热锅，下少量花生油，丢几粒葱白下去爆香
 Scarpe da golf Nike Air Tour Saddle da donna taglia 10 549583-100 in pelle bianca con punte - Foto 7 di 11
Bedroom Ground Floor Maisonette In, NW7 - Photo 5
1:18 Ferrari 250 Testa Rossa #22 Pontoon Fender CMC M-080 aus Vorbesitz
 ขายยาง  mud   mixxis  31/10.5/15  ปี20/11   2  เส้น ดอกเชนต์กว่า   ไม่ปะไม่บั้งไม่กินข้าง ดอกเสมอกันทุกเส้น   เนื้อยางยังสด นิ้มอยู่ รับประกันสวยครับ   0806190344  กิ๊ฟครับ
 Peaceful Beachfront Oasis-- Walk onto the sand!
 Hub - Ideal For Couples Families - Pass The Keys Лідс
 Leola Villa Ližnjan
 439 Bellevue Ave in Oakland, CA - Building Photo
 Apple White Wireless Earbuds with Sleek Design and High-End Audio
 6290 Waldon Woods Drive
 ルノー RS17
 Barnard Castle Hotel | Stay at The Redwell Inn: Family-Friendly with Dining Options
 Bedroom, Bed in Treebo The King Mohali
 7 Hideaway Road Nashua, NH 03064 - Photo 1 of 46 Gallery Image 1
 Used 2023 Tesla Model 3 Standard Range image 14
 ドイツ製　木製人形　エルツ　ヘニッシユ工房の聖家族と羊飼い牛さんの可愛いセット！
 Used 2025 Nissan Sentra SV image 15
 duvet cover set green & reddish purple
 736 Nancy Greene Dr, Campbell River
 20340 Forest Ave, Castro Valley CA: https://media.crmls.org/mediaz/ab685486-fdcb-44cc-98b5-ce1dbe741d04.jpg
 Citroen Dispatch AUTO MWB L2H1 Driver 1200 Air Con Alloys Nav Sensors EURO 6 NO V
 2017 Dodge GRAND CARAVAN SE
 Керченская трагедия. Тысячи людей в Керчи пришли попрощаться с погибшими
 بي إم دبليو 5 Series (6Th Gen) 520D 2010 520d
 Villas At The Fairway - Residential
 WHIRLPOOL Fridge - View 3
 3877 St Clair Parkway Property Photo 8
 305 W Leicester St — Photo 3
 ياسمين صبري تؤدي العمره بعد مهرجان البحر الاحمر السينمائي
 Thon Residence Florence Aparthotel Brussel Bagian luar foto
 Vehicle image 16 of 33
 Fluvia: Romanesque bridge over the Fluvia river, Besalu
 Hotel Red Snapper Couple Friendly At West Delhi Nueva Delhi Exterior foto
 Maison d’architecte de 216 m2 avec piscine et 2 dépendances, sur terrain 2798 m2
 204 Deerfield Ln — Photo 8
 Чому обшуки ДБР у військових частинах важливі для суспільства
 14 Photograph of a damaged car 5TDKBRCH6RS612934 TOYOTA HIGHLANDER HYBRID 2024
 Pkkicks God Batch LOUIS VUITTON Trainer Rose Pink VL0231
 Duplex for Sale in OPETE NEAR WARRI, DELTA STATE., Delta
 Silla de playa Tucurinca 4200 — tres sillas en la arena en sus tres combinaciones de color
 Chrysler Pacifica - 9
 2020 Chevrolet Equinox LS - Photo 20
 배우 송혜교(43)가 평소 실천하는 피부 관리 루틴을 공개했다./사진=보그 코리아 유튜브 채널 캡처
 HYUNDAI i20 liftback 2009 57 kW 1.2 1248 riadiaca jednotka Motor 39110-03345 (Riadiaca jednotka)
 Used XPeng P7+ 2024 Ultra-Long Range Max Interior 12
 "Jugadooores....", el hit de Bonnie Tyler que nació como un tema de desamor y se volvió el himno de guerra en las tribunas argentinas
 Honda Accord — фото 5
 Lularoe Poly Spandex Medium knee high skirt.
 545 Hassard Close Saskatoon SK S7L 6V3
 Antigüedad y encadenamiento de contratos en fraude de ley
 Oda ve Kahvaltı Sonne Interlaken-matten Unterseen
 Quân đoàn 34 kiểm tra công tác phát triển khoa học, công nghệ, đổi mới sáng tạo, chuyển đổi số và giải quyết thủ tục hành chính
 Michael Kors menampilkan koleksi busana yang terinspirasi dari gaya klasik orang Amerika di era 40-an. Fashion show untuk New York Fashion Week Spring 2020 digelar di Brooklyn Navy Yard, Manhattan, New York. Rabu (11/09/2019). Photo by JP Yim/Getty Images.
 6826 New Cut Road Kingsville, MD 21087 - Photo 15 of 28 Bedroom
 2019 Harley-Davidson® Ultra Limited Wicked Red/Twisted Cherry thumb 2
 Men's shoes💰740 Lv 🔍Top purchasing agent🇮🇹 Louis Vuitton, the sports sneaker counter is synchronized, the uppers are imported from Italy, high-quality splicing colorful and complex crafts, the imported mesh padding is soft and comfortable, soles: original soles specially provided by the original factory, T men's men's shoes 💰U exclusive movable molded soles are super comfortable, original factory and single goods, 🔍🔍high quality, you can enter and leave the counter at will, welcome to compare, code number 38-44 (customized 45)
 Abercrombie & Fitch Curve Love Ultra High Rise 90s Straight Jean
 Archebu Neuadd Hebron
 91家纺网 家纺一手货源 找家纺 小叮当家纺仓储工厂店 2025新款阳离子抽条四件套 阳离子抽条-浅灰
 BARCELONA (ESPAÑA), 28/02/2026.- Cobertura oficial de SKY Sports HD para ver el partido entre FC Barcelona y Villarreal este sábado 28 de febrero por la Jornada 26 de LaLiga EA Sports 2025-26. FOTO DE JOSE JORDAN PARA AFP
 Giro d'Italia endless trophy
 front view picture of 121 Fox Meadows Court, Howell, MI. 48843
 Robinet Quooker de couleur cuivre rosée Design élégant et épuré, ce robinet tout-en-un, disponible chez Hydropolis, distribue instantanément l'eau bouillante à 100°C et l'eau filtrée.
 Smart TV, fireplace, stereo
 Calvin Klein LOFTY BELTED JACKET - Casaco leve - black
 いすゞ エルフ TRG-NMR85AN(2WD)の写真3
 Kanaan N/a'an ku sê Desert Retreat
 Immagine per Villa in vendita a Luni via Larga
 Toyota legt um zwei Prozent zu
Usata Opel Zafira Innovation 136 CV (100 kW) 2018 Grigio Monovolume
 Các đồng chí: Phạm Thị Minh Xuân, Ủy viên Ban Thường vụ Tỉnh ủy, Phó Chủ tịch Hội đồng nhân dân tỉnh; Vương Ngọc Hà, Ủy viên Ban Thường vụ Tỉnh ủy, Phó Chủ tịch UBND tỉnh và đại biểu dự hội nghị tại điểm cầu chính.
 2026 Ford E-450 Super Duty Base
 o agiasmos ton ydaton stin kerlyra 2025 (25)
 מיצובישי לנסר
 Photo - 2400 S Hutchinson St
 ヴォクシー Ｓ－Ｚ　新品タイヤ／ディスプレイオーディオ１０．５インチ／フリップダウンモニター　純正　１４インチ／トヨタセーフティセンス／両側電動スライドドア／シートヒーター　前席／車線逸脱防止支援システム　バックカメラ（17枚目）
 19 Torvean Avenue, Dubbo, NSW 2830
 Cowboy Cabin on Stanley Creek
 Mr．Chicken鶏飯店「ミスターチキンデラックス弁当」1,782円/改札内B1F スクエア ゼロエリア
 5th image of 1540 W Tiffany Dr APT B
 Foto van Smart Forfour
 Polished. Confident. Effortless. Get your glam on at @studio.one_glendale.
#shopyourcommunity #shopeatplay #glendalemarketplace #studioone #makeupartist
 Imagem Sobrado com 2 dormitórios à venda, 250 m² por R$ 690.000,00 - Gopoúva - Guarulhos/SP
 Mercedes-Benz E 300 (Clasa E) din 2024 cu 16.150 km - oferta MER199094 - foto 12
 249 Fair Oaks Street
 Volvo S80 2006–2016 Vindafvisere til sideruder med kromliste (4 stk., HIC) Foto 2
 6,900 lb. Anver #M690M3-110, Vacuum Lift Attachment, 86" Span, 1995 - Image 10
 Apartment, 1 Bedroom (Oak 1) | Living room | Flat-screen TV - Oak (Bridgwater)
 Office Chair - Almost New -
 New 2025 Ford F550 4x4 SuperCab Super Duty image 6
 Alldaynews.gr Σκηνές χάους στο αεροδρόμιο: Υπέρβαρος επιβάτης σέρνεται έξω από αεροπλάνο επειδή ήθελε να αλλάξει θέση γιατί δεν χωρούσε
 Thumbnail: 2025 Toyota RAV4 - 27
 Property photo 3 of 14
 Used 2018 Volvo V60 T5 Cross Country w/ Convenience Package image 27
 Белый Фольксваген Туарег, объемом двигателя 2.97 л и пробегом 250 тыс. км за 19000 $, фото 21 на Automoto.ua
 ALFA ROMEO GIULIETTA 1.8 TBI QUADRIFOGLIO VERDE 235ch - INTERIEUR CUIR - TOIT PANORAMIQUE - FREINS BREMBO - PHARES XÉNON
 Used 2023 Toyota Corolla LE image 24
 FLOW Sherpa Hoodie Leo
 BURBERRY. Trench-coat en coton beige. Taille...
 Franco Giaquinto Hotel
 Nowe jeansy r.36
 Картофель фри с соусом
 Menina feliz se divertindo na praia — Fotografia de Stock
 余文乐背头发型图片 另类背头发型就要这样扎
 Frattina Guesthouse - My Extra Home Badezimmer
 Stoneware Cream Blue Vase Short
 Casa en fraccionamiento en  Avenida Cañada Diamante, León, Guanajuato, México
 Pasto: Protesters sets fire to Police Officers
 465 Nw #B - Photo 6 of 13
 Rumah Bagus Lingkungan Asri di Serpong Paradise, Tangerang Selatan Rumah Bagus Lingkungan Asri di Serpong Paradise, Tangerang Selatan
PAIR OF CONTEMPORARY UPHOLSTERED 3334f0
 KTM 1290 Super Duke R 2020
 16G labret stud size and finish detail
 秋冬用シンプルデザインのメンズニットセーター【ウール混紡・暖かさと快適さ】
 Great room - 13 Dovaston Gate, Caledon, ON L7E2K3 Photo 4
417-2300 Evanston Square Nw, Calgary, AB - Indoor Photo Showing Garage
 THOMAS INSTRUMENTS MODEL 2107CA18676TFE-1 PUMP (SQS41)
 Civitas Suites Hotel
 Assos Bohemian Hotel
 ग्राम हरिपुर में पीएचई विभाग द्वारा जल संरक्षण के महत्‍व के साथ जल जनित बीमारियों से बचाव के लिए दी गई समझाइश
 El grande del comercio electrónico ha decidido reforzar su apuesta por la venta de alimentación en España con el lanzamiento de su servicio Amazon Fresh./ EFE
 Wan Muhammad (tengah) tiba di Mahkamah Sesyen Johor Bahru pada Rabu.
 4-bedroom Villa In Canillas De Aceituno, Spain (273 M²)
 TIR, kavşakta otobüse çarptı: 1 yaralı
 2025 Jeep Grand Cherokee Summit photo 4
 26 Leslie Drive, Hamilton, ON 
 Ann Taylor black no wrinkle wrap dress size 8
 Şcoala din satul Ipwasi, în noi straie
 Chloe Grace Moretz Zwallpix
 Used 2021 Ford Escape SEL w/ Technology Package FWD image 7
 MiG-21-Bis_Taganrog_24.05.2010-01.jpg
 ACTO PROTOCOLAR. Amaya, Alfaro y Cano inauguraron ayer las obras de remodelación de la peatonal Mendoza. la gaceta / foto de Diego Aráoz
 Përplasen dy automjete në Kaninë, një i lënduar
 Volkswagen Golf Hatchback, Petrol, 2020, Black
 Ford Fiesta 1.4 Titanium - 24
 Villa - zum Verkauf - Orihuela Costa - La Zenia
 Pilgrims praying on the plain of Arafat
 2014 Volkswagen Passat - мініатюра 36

WHAT IS REQUIRED.
All lines from the opening of the material through the line that contains "305 W Leicester St — Photo 3" are to be printed exactly, with no others.

RESPONSE BELOW.
热锅，下少量花生油，丢几粒葱白下去爆香
 Scarpe da golf Nike Air Tour Saddle da donna taglia 10 549583-100 in pelle bianca con punte - Foto 7 di 11
Bedroom Ground Floor Maisonette In, NW7 - Photo 5
1:18 Ferrari 250 Testa Rossa #22 Pontoon Fender CMC M-080 aus Vorbesitz
 ขายยาง  mud   mixxis  31/10.5/15  ปี20/11   2  เส้น ดอกเชนต์กว่า   ไม่ปะไม่บั้งไม่กินข้าง ดอกเสมอกันทุกเส้น   เนื้อยางยังสด นิ้มอยู่ รับประกันสวยครับ   0806190344  กิ๊ฟครับ
 Peaceful Beachfront Oasis-- Walk onto the sand!
 Hub - Ideal For Couples Families - Pass The Keys Лідс
 Leola Villa Ližnjan
 439 Bellevue Ave in Oakland, CA - Building Photo
 Apple White Wireless Earbuds with Sleek Design and High-End Audio
 6290 Waldon Woods Drive
 ルノー RS17
 Barnard Castle Hotel | Stay at The Redwell Inn: Family-Friendly with Dining Options
 Bedroom, Bed in Treebo The King Mohali
 7 Hideaway Road Nashua, NH 03064 - Photo 1 of 46 Gallery Image 1
 Used 2023 Tesla Model 3 Standard Range image 14
 ドイツ製　木製人形　エルツ　ヘニッシユ工房の聖家族と羊飼い牛さんの可愛いセット！
 Used 2025 Nissan Sentra SV image 15
 duvet cover set green & reddish purple
 736 Nancy Greene Dr, Campbell River
 20340 Forest Ave, Castro Valley CA: https://media.crmls.org/mediaz/ab685486-fdcb-44cc-98b5-ce1dbe741d04.jpg
 Citroen Dispatch AUTO MWB L2H1 Driver 1200 Air Con Alloys Nav Sensors EURO 6 NO V
 2017 Dodge GRAND CARAVAN SE
 Керченская трагедия. Тысячи людей в Керчи пришли попрощаться с погибшими
 بي إم دبليو 5 Series (6Th Gen) 520D 2010 520d
 Villas At The Fairway - Residential
 WHIRLPOOL Fridge - View 3
 3877 St Clair Parkway Property Photo 8
 305 W Leicester St — Photo 3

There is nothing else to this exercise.